* [TASK PROMPT]
Transcribe everything in the listing below exactly, except the pictures.

* [SOURCE MATERIAL]

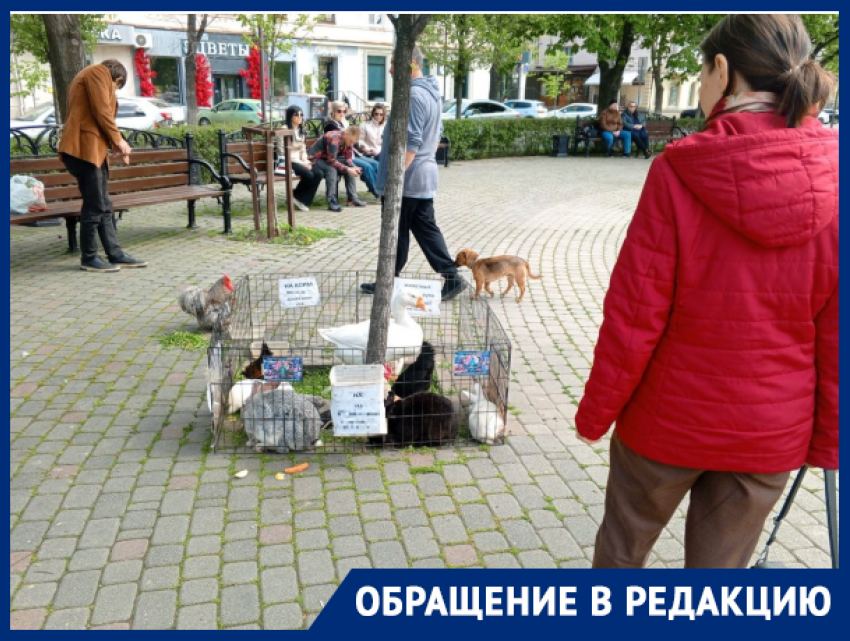 «Это просто заработок»: в Краснодаре устроили «зоопарк» в центре города 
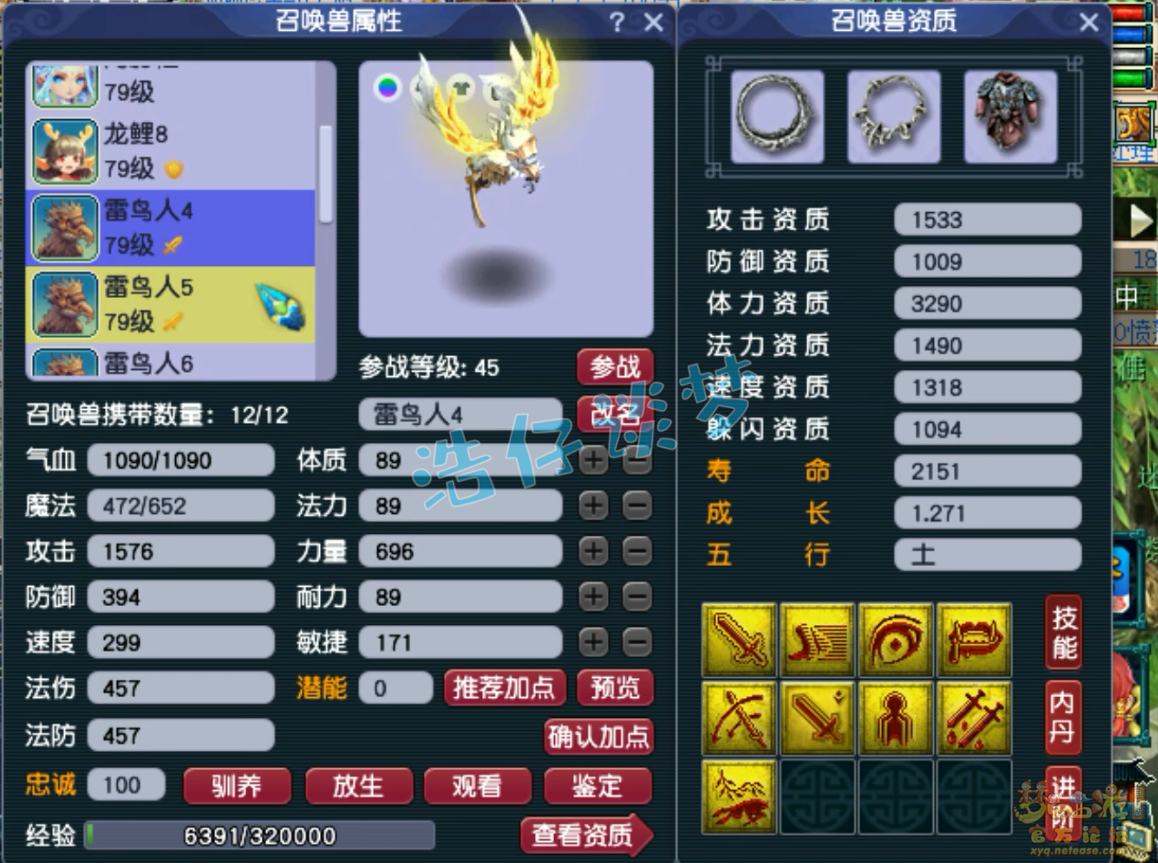 梦幻西游69固伤普陀装备搭配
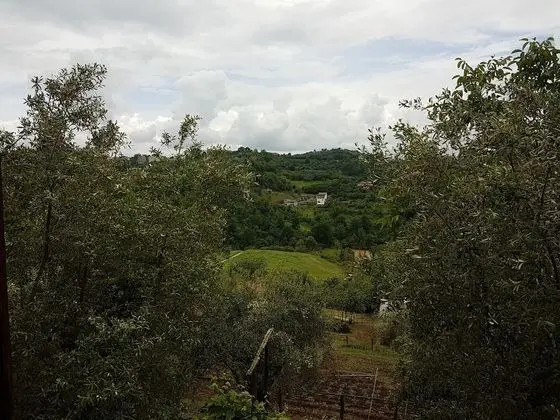 Basic Dağ Evi, 1 Çift Kişilik Yatak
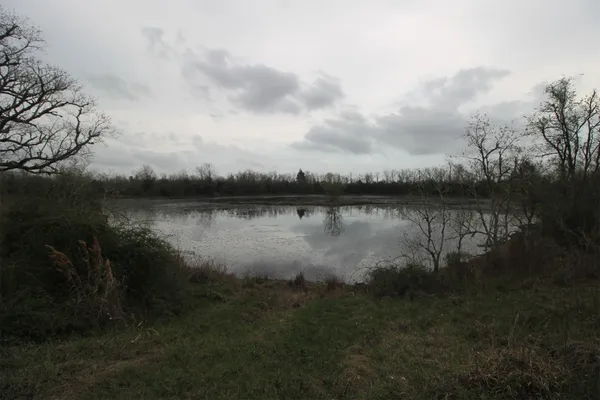 a view of a lake with houses in back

* [RESPONSE TO THIS TASK]
 «Это просто заработок»: в Краснодаре устроили «зоопарк» в центре города 
 梦幻西游69固伤普陀装备搭配
 Basic Dağ Evi, 1 Çift Kişilik Yatak
 a view of a lake with houses in back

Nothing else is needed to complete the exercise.